BR: Well, first I walk in and light up a cigar and a woman says, excuse me but you can't smoke in the house. I'm like great, do what thou will, but don't smoke a fucking cigar. So I'm out on the porch with my friends and they come out again and tell us we're too loud.

MD: That's hilarious.
BR: I told them, I'm doing what you people say to do and for it I get chastised. So the entire houseful of people poured onto the lawn and told us to leave. It was like the mob scene from Frankenstein except they didn't have pitchforks and torches.

MD: I think they're a little unclear on the concept of paganism.
BR: I would say.

MD: There's a lot of addictive personalities out there who need chemicals to get away from themselves. Alcohol is legal and the most accessible, so it takes a lot of heat.
BR: It's like Anton LaVey said-everyone needs a soporific. Some people take Valium, some people take heroin, LaVey takes Campari on ice. We all need something to release the tension.

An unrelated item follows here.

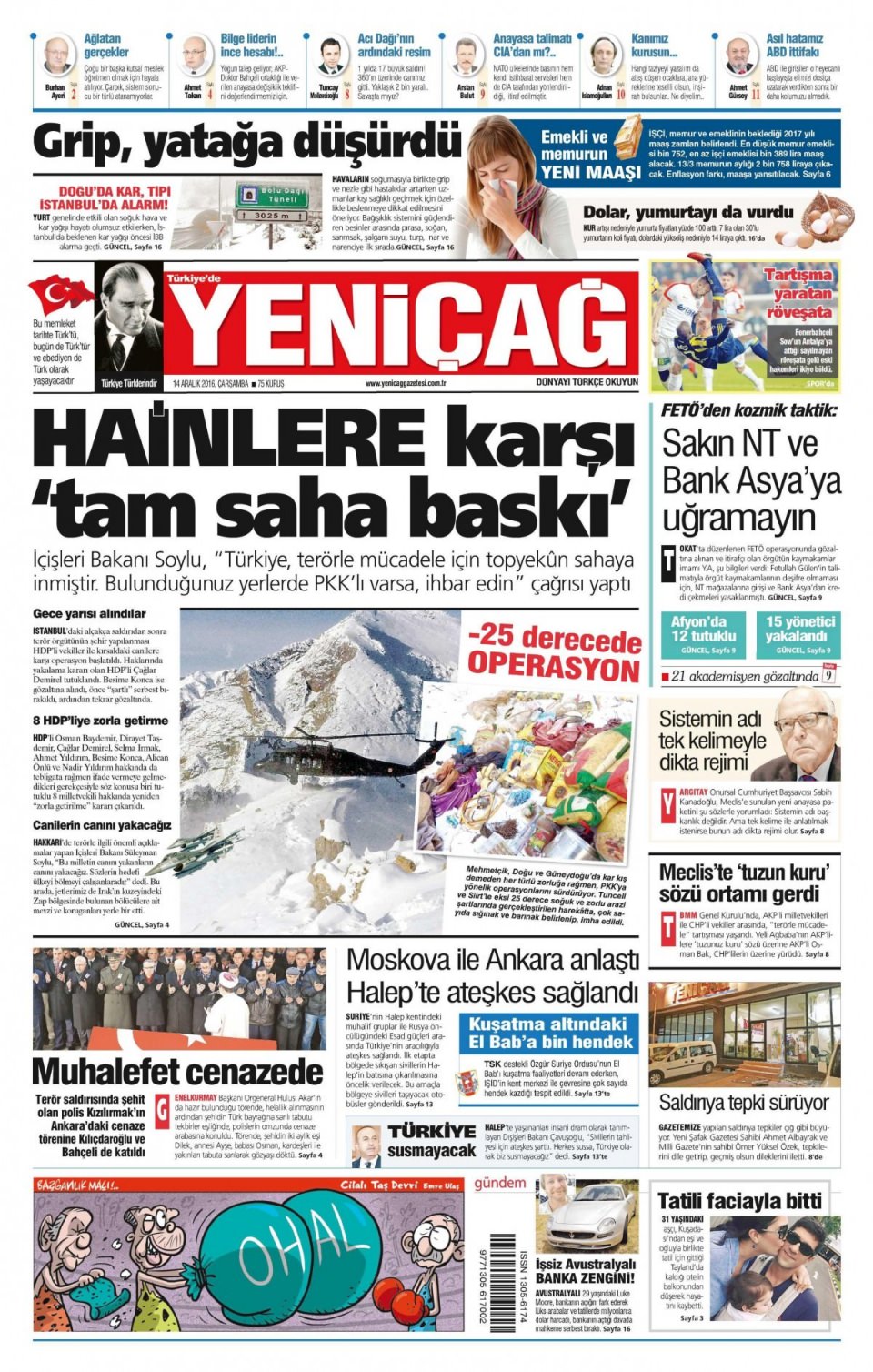 14 Aralık 2016 gazete manşetleri - 206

MD: Have you ever tried absinthe?
BR: Well, I don't know if it was real absinthe. These people who made it, I don't know it they just didn't mix together some Everclear and Pernod, then put in some wormwood oil. It was awfully fucking raw, I imagine if you had worms in your stomach it would kill them. It didn't seem very hallucinogenic to me.

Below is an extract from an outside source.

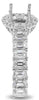 4.48CT DIAMOND 18KT WHITE GOLD ROUND & BAGUETTE HALO SEMI MOUNT ENGAGEMENT RING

MD: I tried a version of it in France. I kept waiting for some Hemingwayesque revelation to hit me. Instead I got crazy drunk.
BR: That reminds me of a story about Aldous Huxley. Every time he sniffed some inhalant he'd discover the meaning of life and he'd swear to remember and tell everyone about it. Of course, as the effects wore off he'd lose grasp of it. So he decides, goddammit, next time I'm going to write it down and lock it in my drawer and when I am of clear mind I'm going to read it and make it known to the entire world. So the next time he writes it down, the meaning of all life and existence, and locks it in his desk. When the inhalant wears off he unlocks the desk, takes out the paper and discovers that he'd scrawled, 'The entire universe smells like turpentine.'

MD: Well, of course. That's the advantage of alcohol. Unlike other drugs, it is an end unto itself. It feeds you euphoria for a couple hours then has the good grace to hammer you unconscious, while other drugs force you stay up all night wondering just what the hell are you doing with your miserable life.
BR: I have this gag picture of a witch. Beneath it is says, This is what she looks like sober. Then you turn it upside down and the witch becomes a beautiful princess and it says, This is what she looks like twelve beers later.

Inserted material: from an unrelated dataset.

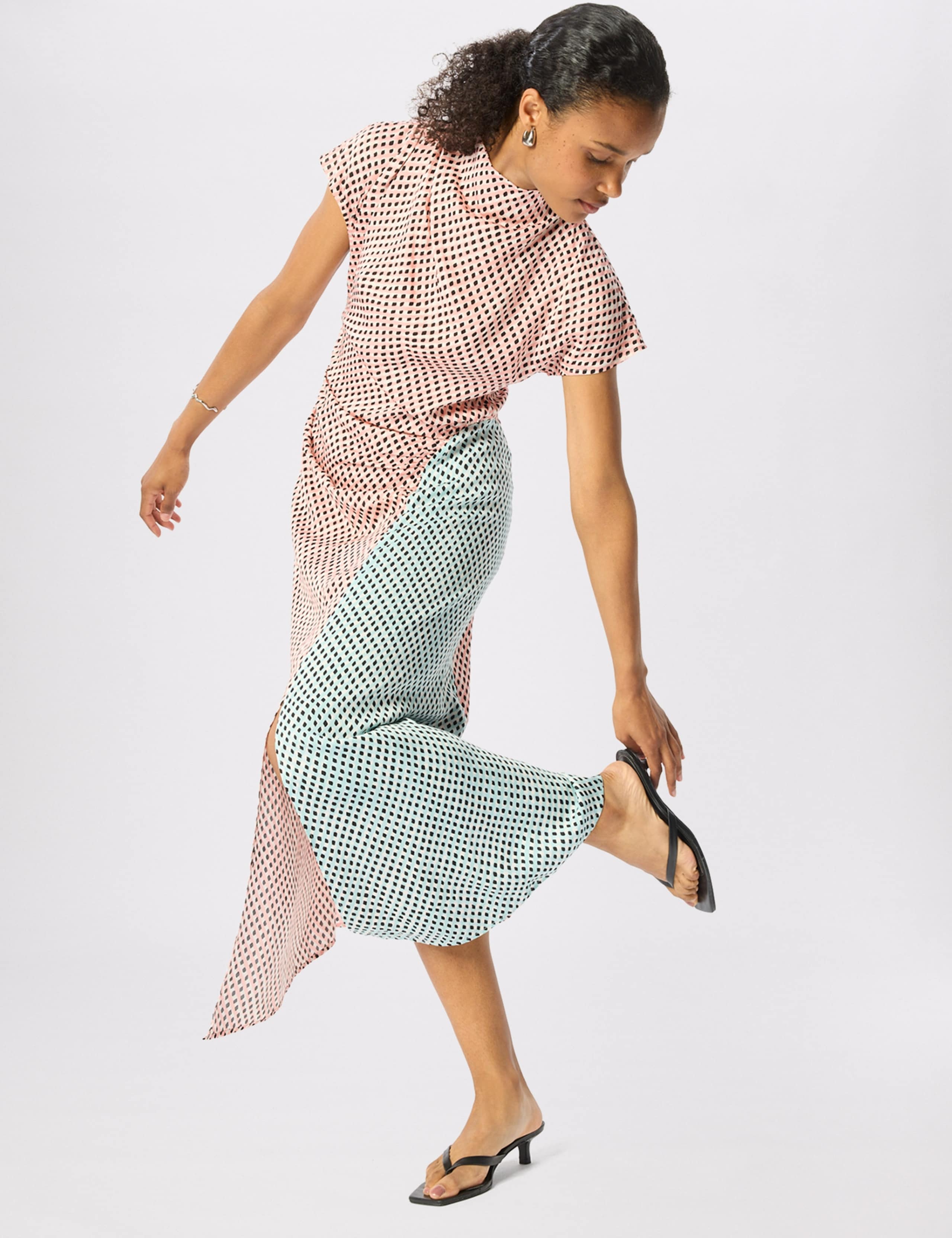 Geometric Checked Cowl Neck Midi Column Dress 4 of 7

MD: That's the gift of drink. It lets you see beauty in everything.
BR: There's this Moroccan bar on Colfax that serves this amazing wine drink, it's three or four different kinds of wines, layered, and you drink it with a straw. The first layer is real dry, then it gets sweeter and fruitier until you reach the bottom. It's absolutely fucking amazing.

MD: Those Moroccans, they've got it figured out. You can tell a lot about a society by its drinking rituals.
BR: Oh, sure. In North Beach there's this Italian place where you can order espresso with fernet branca, this really hardcore Italian liqueur. Italians drink it after their meals and it's supposed to, uh-

MD: Make you crazy?
BR: No, it's supposed to aid your digestion. Very harsh stuff-if you smell it before you drink it you don't want to put it in your mouth.

MD: Thankfully, as civilized creatures, we've learned to override those base animal instincts.
BR: Right. In Europe you have a couple glasses of wine with a meal and you're normal, here you have a couple glasses of wine with a meal and you're an alcoholic. I also found it culturally interesting that in a McDonald's in Paris you can get wine with your Big Mac, but in a McDonald's in Hamburg you can get beer.

MD: And in America you get a big fucking Coke.
BR: Exactly.

MD: Europe is much more lax with its attitude toward drinking. In America there are all these draconian laws to make sure the average man doesn't go wild with liquor, and because of that, we have a problem with alcohol.
BR: It's so weird. When it comes to drinking, our government is much more totalitarian than actual totalitarian governments, because they think they know what's best for the average person.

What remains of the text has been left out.